• [Available records]
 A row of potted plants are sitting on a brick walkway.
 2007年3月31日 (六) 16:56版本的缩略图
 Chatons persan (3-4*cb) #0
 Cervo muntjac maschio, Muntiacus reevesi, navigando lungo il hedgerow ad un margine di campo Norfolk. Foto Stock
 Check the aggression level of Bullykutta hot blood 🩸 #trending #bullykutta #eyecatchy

...

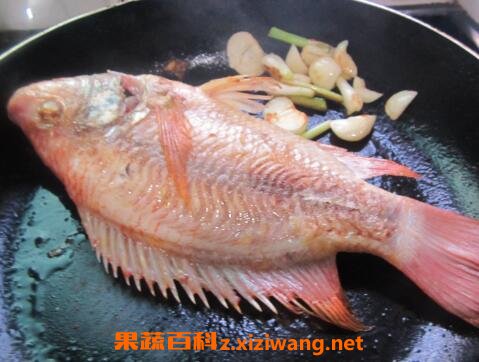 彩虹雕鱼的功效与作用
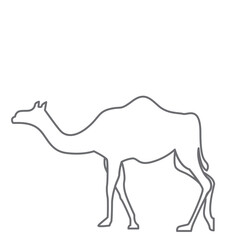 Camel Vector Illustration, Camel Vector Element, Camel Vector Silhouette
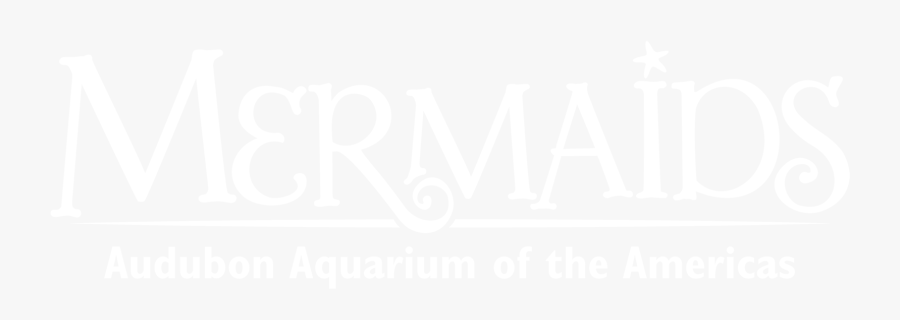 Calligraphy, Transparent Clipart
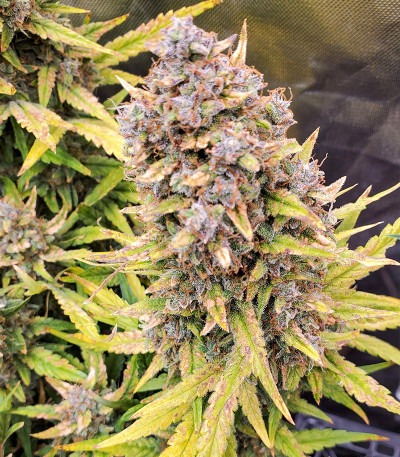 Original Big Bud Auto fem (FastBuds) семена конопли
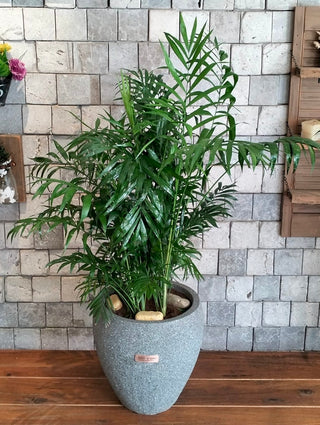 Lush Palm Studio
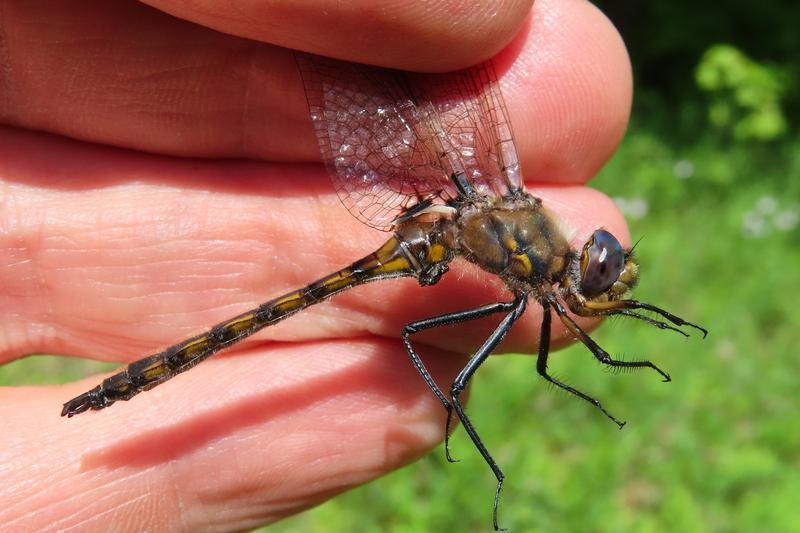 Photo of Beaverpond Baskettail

• [What is required] Give again the stretch of lines above from the one with "Camel Vector Illustration, Camel" through the one with "Photo of Beaverpond Baskettail", both ends kept, and copy no pictures.

• [Answer to this exercise]
 Camel Vector Illustration, Camel Vector Element, Camel Vector Silhouette
 Calligraphy, Transparent Clipart
 Original Big Bud Auto fem (FastBuds) семена конопли
 Lush Palm Studio
 Photo of Beaverpond Baskettail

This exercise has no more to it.